**About this exercise:**
Going from the line that contains "Atemberaubende blonde hure" through the last line of the records, set down each line again exactly, both included, with pictures left out.

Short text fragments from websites

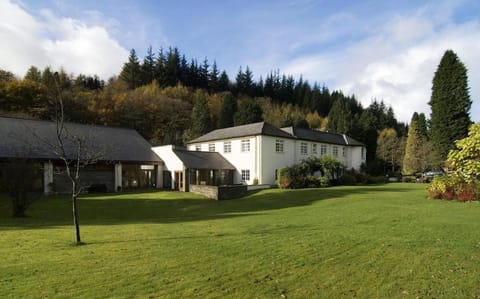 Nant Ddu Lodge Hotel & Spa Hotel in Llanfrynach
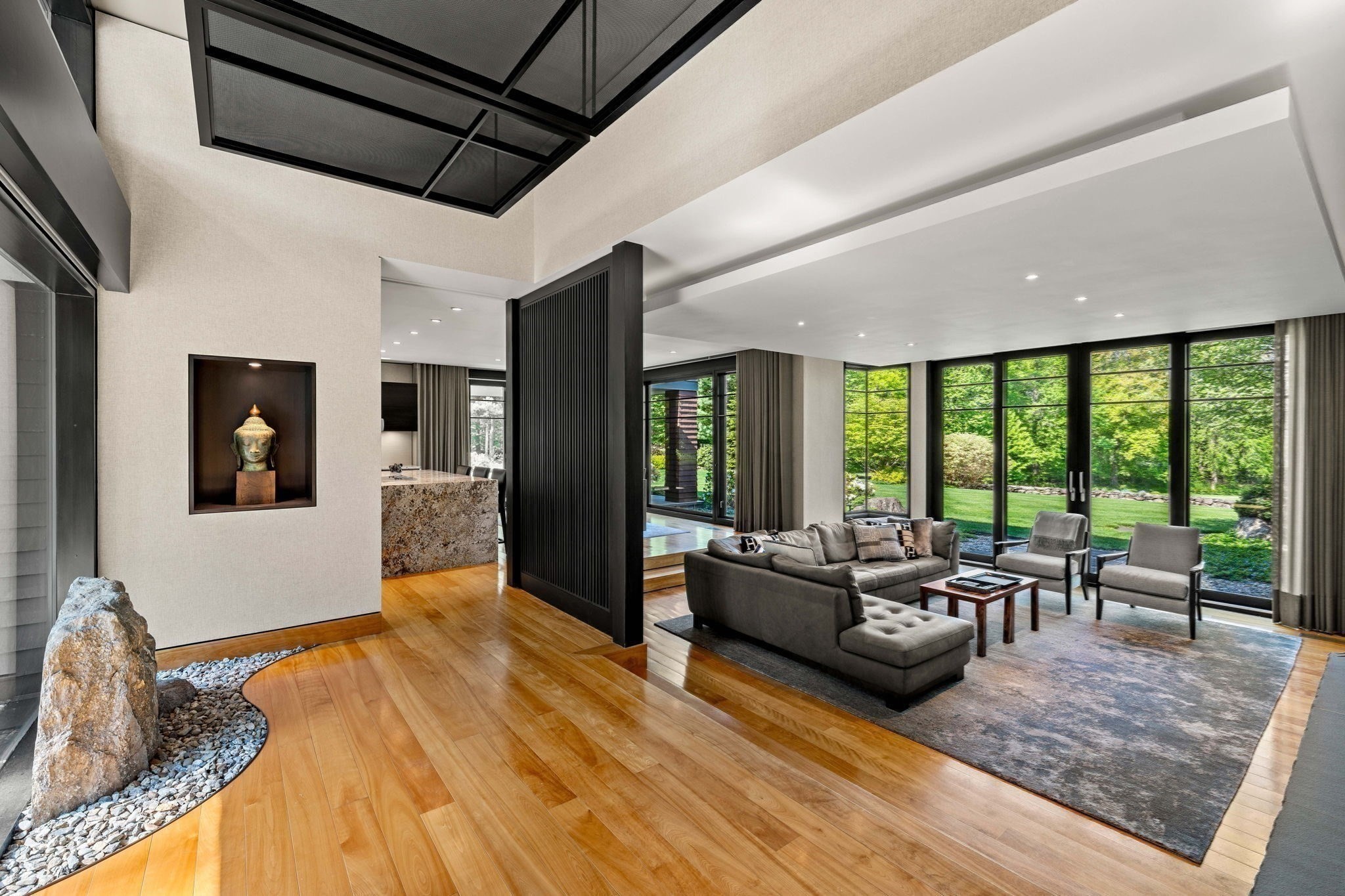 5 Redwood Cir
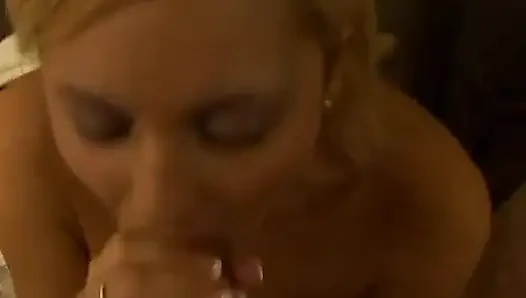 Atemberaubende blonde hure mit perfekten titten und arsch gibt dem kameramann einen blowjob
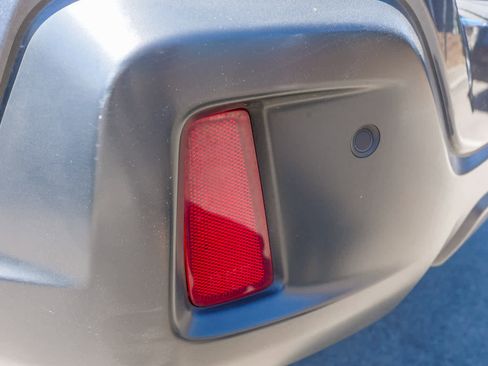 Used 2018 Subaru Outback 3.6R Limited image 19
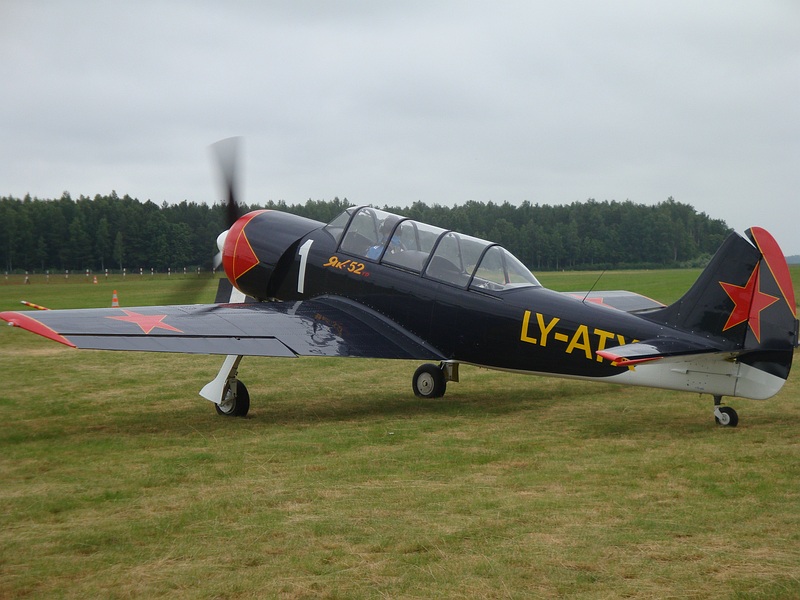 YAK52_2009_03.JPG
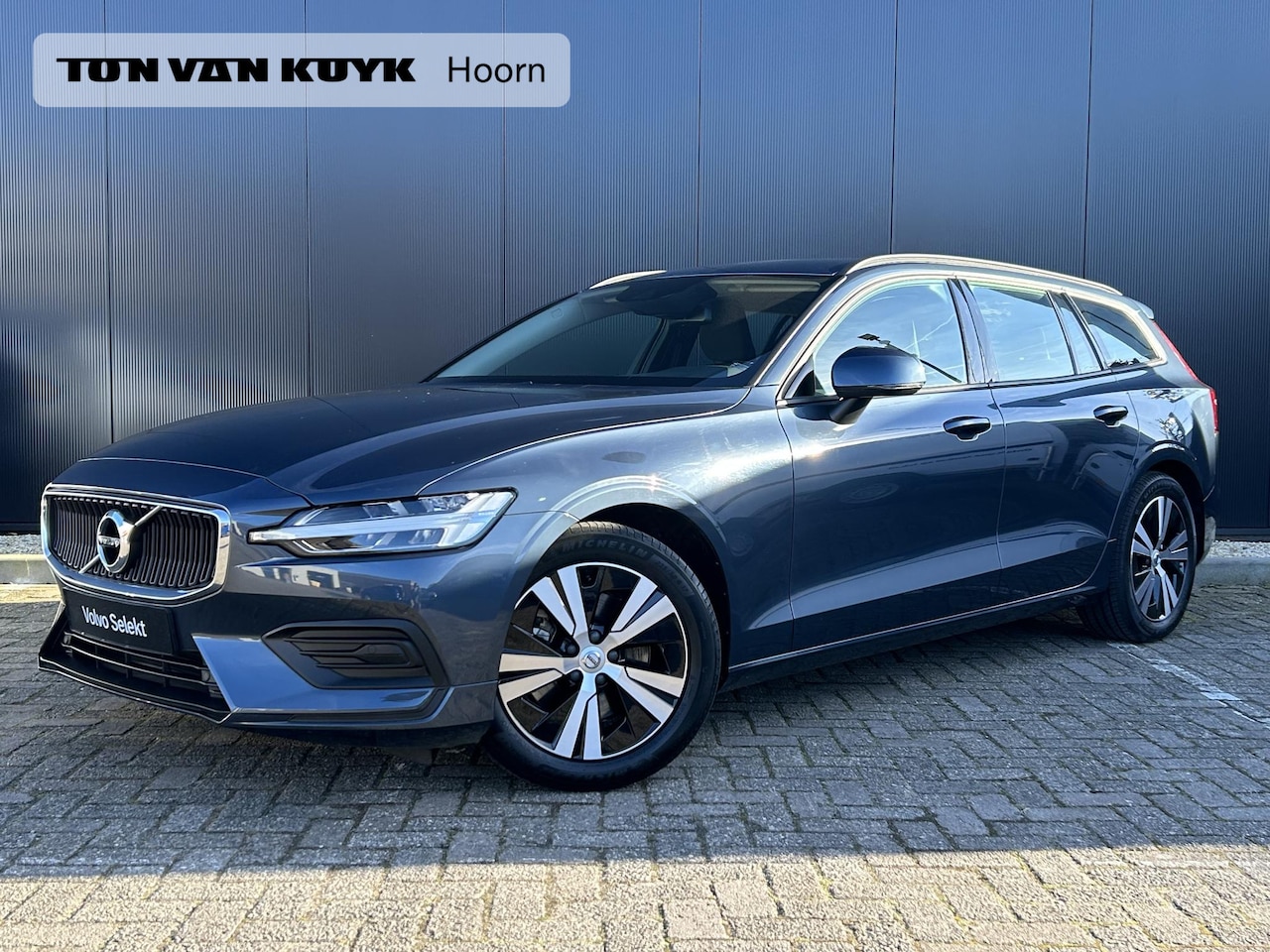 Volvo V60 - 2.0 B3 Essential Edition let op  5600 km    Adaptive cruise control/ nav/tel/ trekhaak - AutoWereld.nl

**Output:**
 Atemberaubende blonde hure mit perfekten titten und arsch gibt dem kameramann einen blowjob
 Used 2018 Subaru Outback 3.6R Limited image 19
 YAK52_2009_03.JPG
 Volvo V60 - 2.0 B3 Essential Edition let op  5600 km    Adaptive cruise control/ nav/tel/ trekhaak - AutoWereld.nl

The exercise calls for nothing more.